If someone ran a single gel in a big line of experiments, there is no reason to include them. But if someone other than the first author did a large portion, or even the majority of the necessary lab work, that is a different story, in my opinion. That is all I was trying to say, even though I may have not be clear enough.

 

I know a lot of supervisors have differing views on this, but I don't think that adding someone who might not have helped in writing, or contributed nearly as much as a first author, but helped with a lot of work regardless, is a bad thing.

 

And even if someone was added on as a fifth author just for kicks, I feel like an ad-com might be a little suspicious if the person put it on their sketch, or spoke of it in an interview, and claimed to have done most of the work. They would probably wonder why he wasn't first or second author, in this case.

 

 

No, there definitely is something wrong with it. By your accord, should the secretary - who ordered all those reagents and chemicals - be included on the paper?

 

No scientist should ever need help "running a gel", especially from an undergraduate student. The first author on the paper should be absolutely insulted if such a thing was mentioned in the acknowledgments.

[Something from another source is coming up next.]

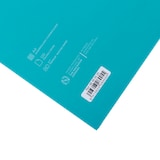 thumbnail of Cuaderno A4+ tapa extradura 120H 80G rayado microperforado 5 bandas color Navigator Verde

The middle authors should be reserved for people that helped in meaningful ways.

 

For example, someone in the laboratory may be an expert in doing cDNA preps and real-time PCR and so the first author sought his/her help to strengthen their paper. This experiment would perhaps make up a single figure in a paper 4-6+ figures.

 

I truly hope the admission committees start seeing through such bull****.

 

 

To the OP. Feel free to put the publication down in your sketch but if you embellish your story, then you are definitely being dishonest. Be upfront about your contribution and I'm sure it'll get you brownie points at the interview.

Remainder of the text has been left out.